Aim of the exercise
Would you please set down, word for word, the lines from the one with "Nick Jonas në Paris më 14 tetor." through the final line of the data below, omitting any pictures?

Material provided
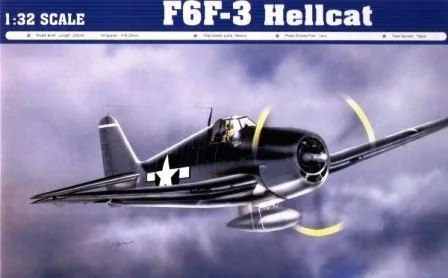 Model plastikowy Grumman F6F-3 Hellcat Model plastikowy Grumman F6F-3 Hellcat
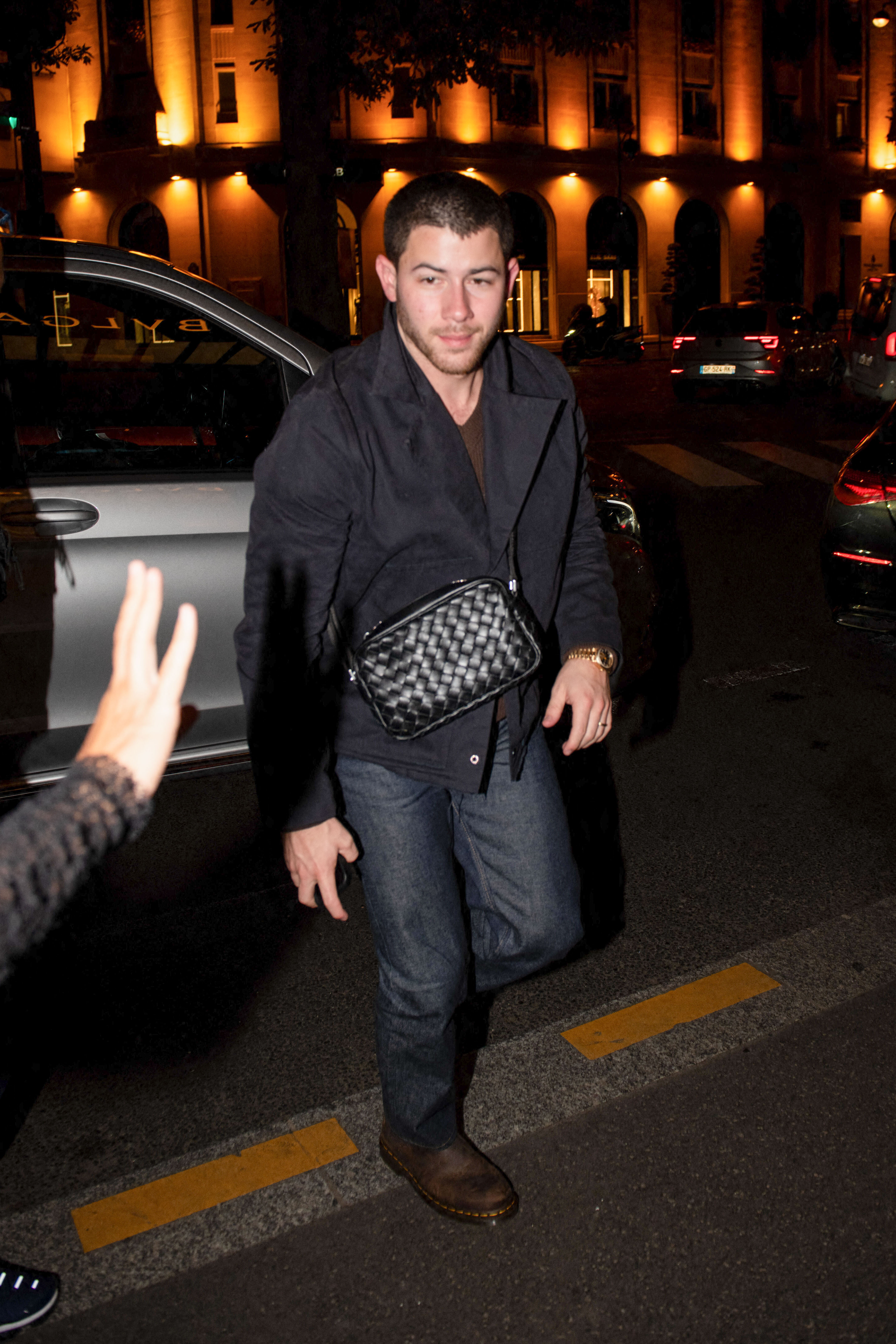 Nick Jonas në Paris më 14 tetor.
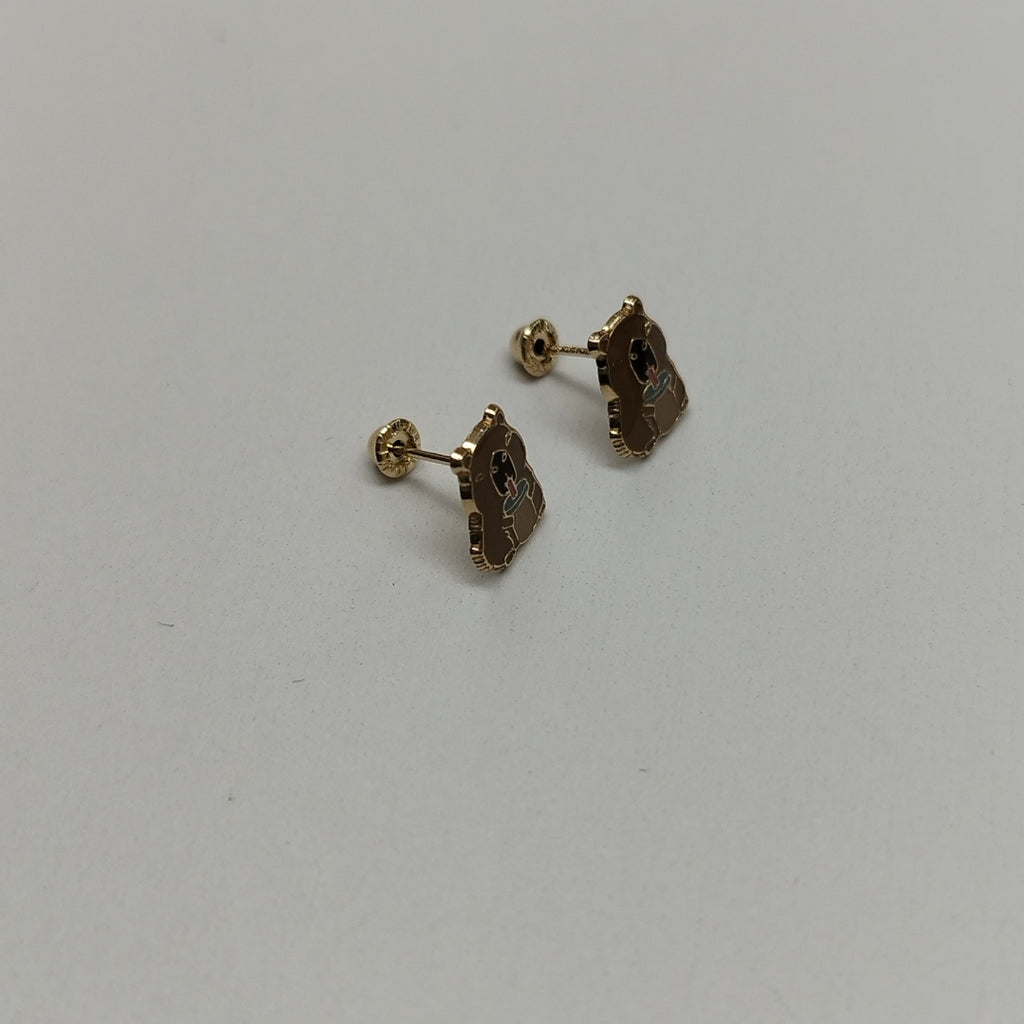 BROQUELES BROQUEL FIG CAPIBARA 14K 0.2657 GR (NUEVO)
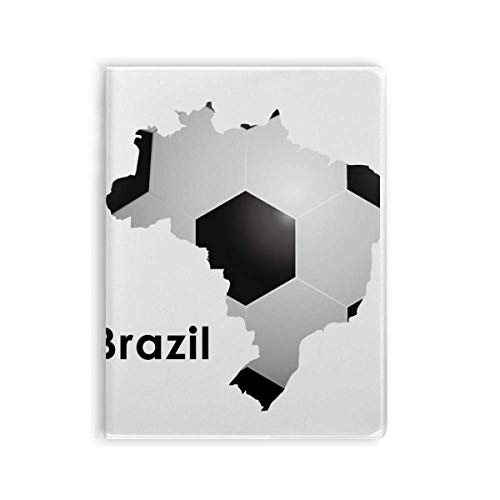 Cahier Brésil football en gomme souple pour noter vos tactiques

Task output
 Nick Jonas në Paris më 14 tetor.
 BROQUELES BROQUEL FIG CAPIBARA 14K 0.2657 GR (NUEVO)
 Cahier Brésil football en gomme souple pour noter vos tactiques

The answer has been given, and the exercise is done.